Много говорил о своем архитекторстве: — Мой отец штук 30 церквей в Москве построил. Я от 11 лет до 18 учился этому делу. И вот посмотрите: как симметрически у меня в комнате картины развешены. Я и стихи пишу симметрически. Беспорядка не люблю. Никакой разбросанности. Куплеты. Вот мои рисунки,— и показал мне акварель: «Три Грации». Кто бы мог подумать, что Буренин рисовал «Три Грации»! Это все равно как если бы Джэк Потрошитель вышивал шелками незабудки! Три грации действительно нарисованы очень отчетливо — по-архитекторски. <...>
4 октября. Среда. Или 3-е? Нет календаря. Вчера сдуру я поехал в Куоккала после 3-х месяцев отсутствия. Симфония осенних деревьев в парке. Рябина. Море, новый изгиб реки, в которую я уложил столько себя. Но ключа мне М. Б. не дала, и я проехал напрасно. Зашел к Репину, спросить его, что он хочет за портрет Бьюкенена: 10 000 р. или золотую тарелку. Репин (мертвецки бледный, с тенями трупа под носом и глазами, но все такой же обаятельный): — Знаете, конечно, тарелка оч. хороша, но... я не достоин... не в коня корм... да и как ее продать. На ней гербы, неловко» — из чего я понял, что ему хочется денег. Я дал ему 500 р. долга за дачу — он очень повеселел, пошел показывать перемены в парке в озере Глинки, к-рое он высушил, провел дренаж, вырубил деревья — всюду устроил свет и сквозняк. Потом показывал картины. Бурлаки: «Ой как пожухло... Теперь я вижу, что я сделаю... я этому сифилитику (впереди всех) дам кумачовую (не яркую, а стираную) рубаху (вместо синей), а красную у заднего уберу — дам ему синюю — а то задний план чересчур кричит... Кушинников говорил: разве Волга бывает зеленой? Посмотрел бы он в Жигулях. Но я, кажется, перезеленил. Это место я написал неподалеку от заказчика — Шаталова (?) — он там в Самаре».
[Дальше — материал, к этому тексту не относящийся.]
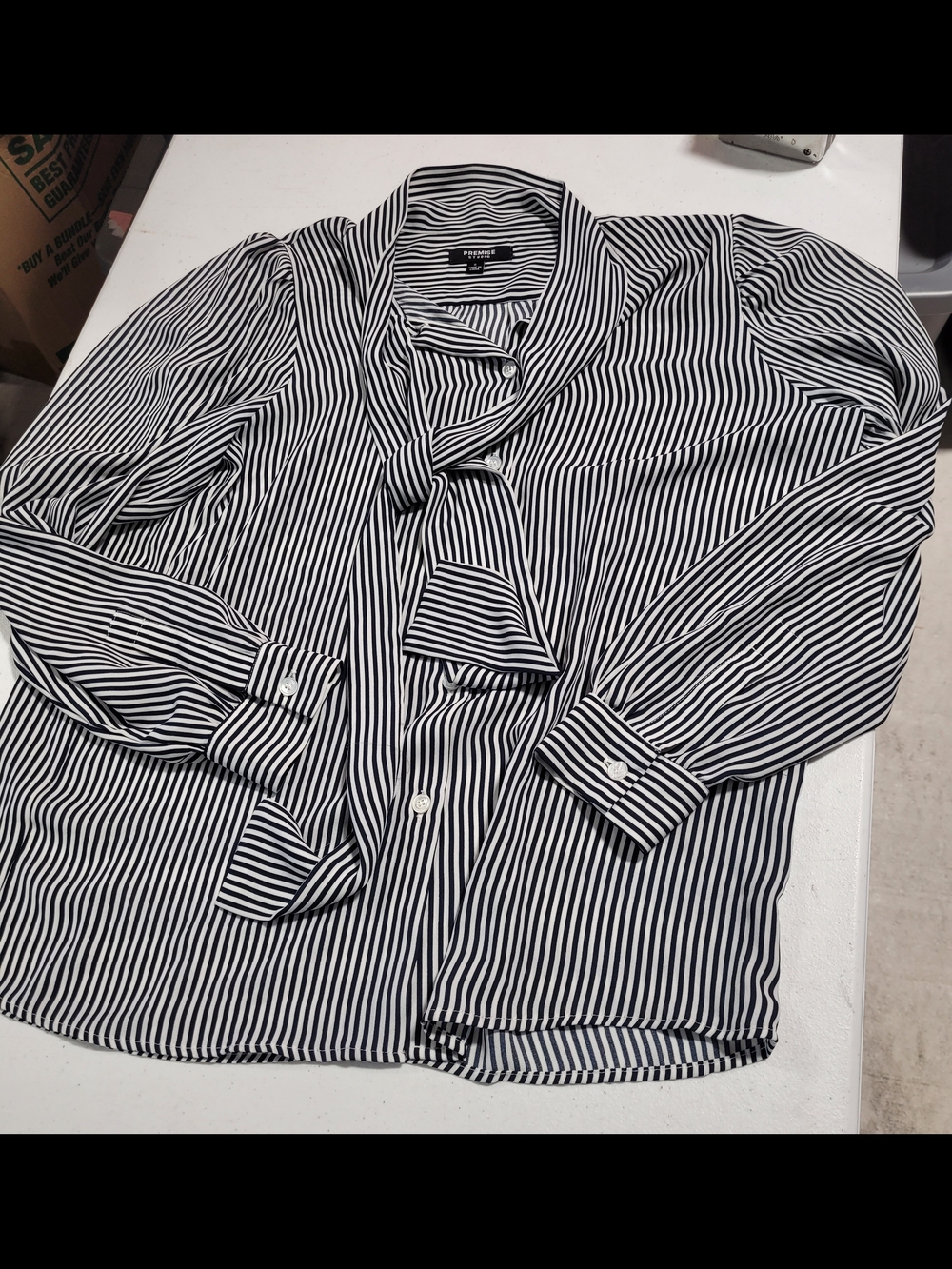 Premise Black & White Striped Tie-Neck Button-Down Blouse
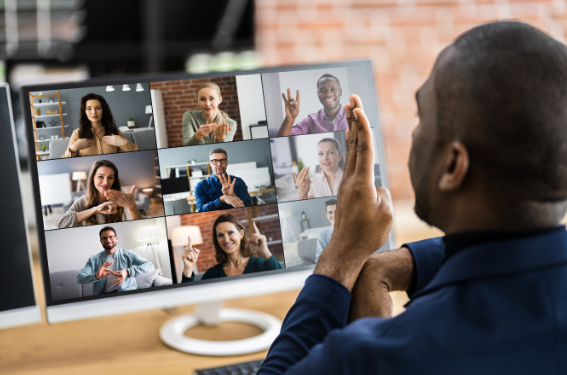 Teacher and students engaging in virtual learning. 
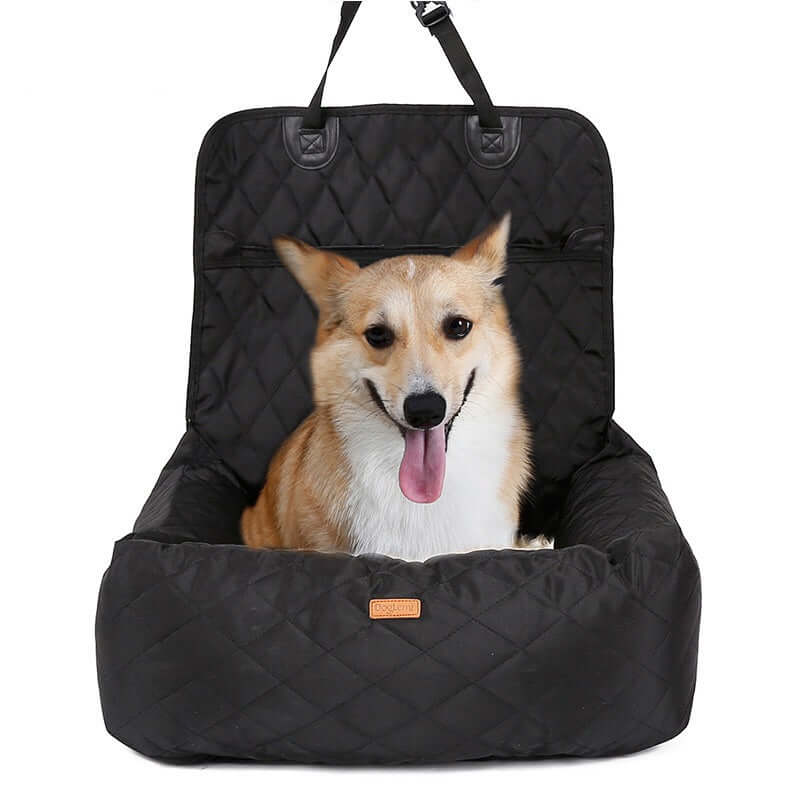 2 In 1 Pet Dog Carrier Folding Car Seat Pad Thickened Multi-purpose Pet Bed Dog Car Mattress Pets Supplies with a happy dog
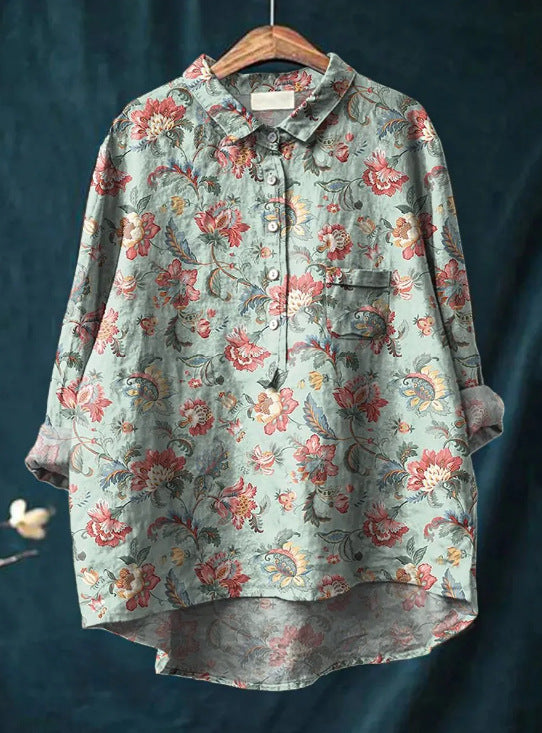 Romantische Vintage-Bluse in Drucken  5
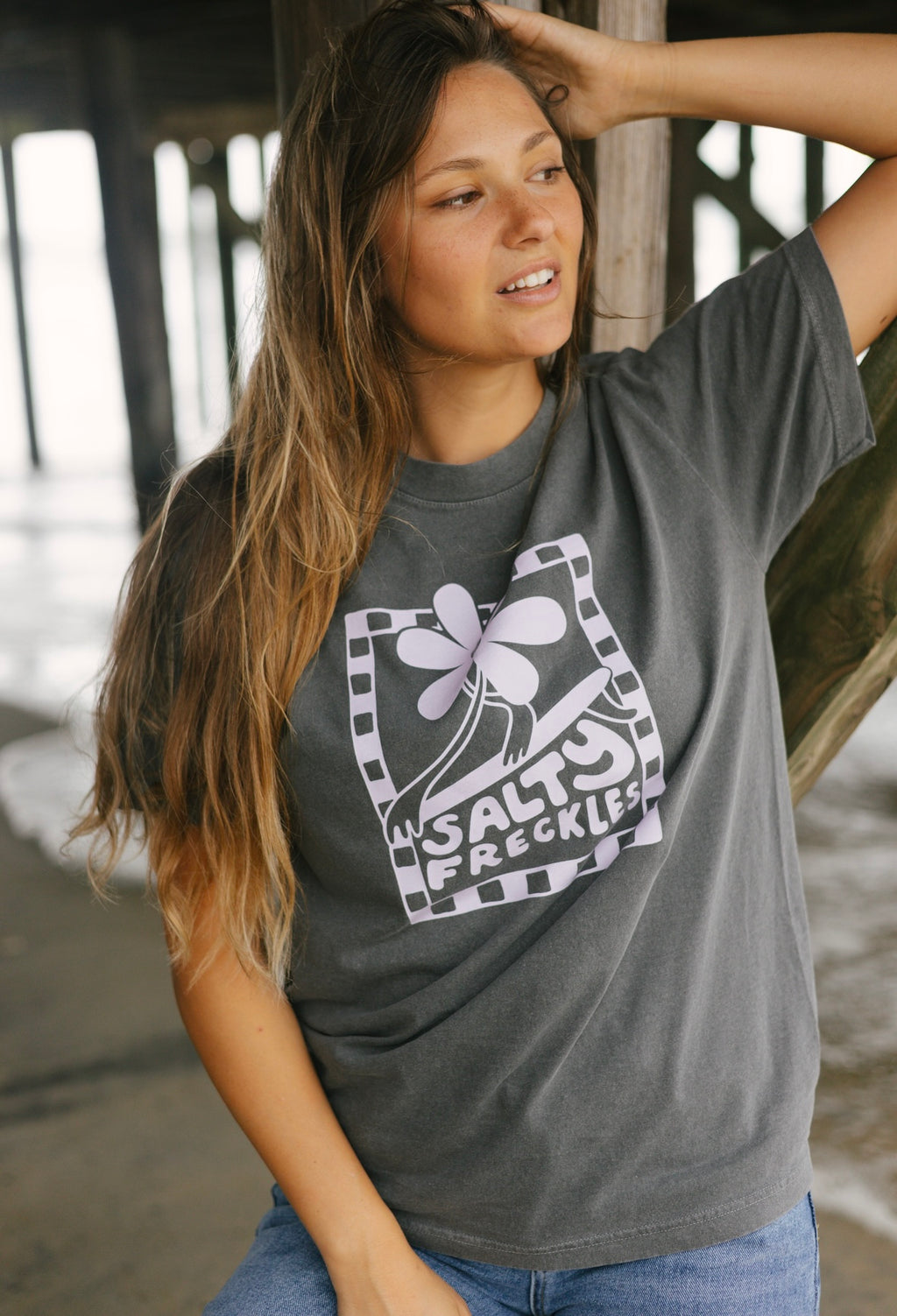 Checkered Salty Freckles - Oversized Tee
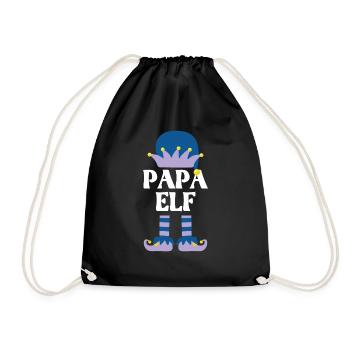 Papa Elf Papa Elf Geschenk - Turnbeutel - Schwarz - Vorne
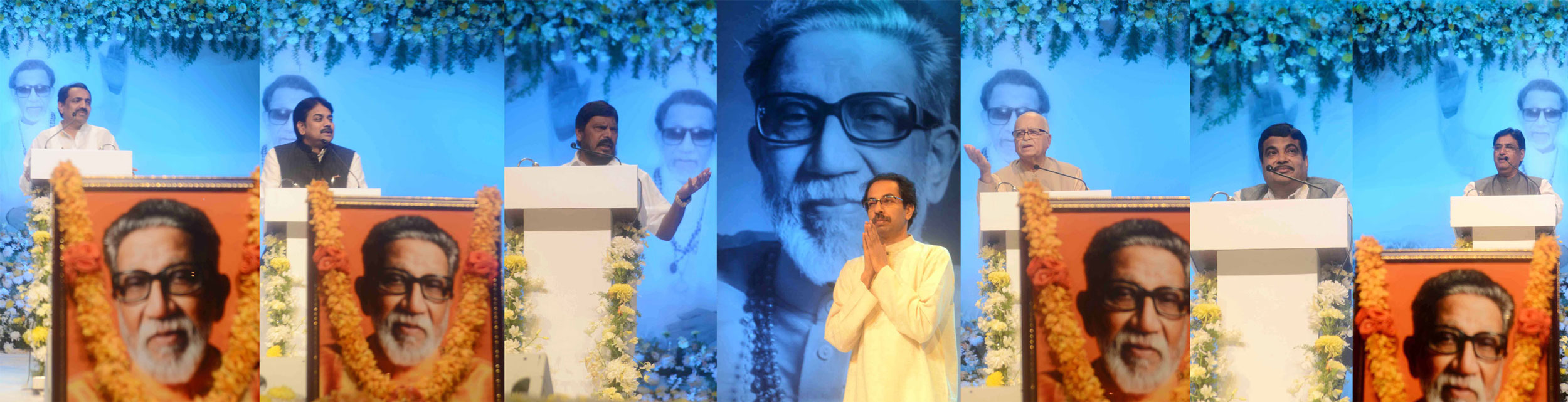 ALL PARTY LEADER'S AT SHANMUKHANAND HALL FOR CONDOLENCE MEETING OF SHIVSENA PRAMUKH LATE BALASAHEB THAKARE.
Посидели, помолчали...— А вы знаете другую... которая «делается» (не сказал пишется) — и прескверно делается, как луна в Гамбурге. Вот...— И он вытащил несуразную голую женщину, с освещенным животом и закрытым сверху туловищем. У нее странная рука — и у руки собачка.— Ах, да ведь это шаляпинская собачка! — воскликнул я.— Да, да... это был портрет Шаляпина... Не удавался... Я вертел и так и сяк... И вот сделал женщину. Надо проверить по натуре. Пуп велик.
— Ай, ай! Илья Ефимович! Вы замазали дивный автопортрет, который Вы сбоку делали на этом же холсте!! — Да, да, долой его,— и как вы его увидали!
Шаляпин, переделанный в женщину, огромный холст — поверхность которого испещрена прежними густыми мазками.